[WHAT THE TASK REQUIRES]:
Reproduce the lines of the material exactly, excluding every image.

[SOURCE MATERIAL]:

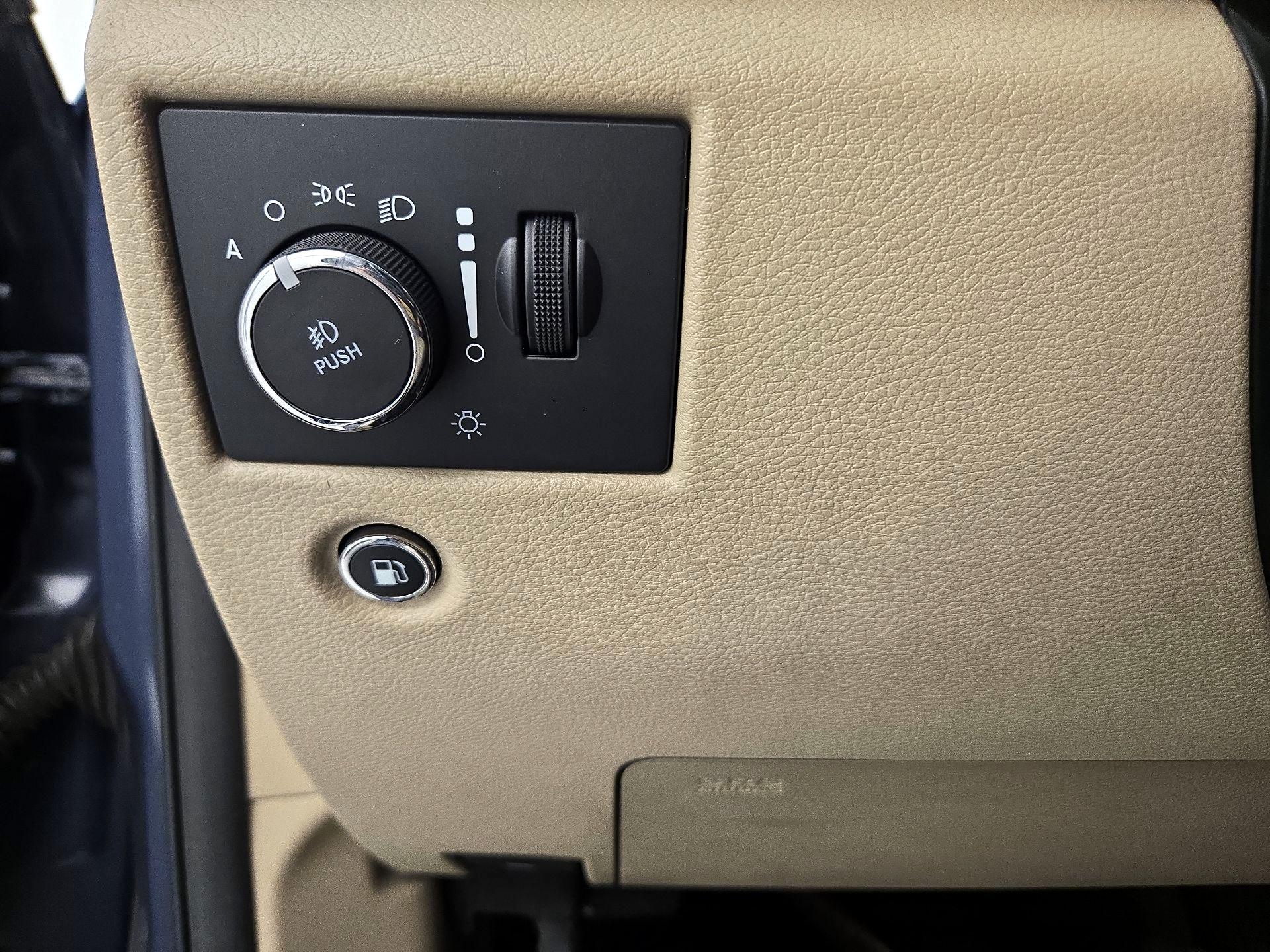 Thumbnail: 2021 Jeep Grand Cherokee - 13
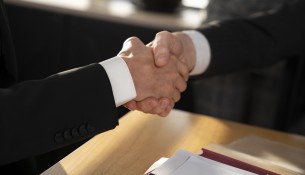 close-up-business-people-shaking-hands
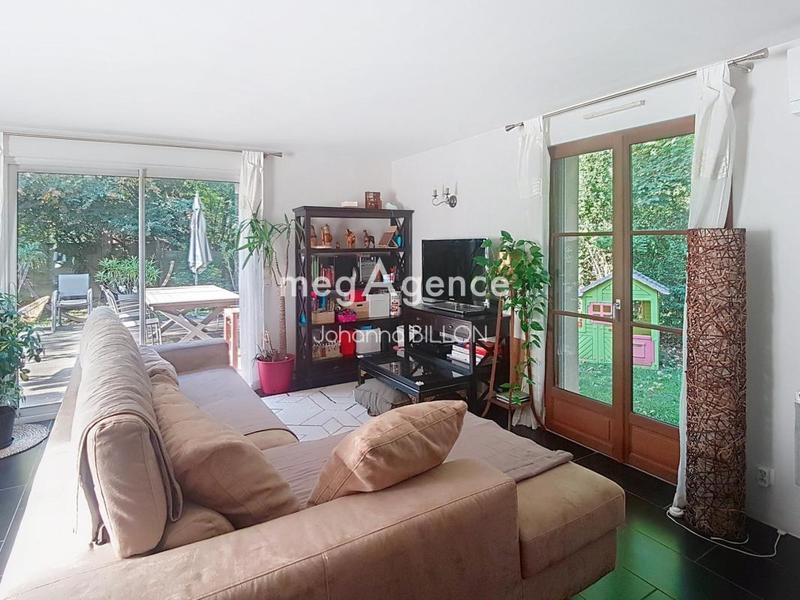 Maison traditionnelle - 158 m² - 6 pièces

[SOLUTION FOR THIS TASK]:
 Thumbnail: 2021 Jeep Grand Cherokee - 13
 close-up-business-people-shaking-hands
 Maison traditionnelle - 158 m² - 6 pièces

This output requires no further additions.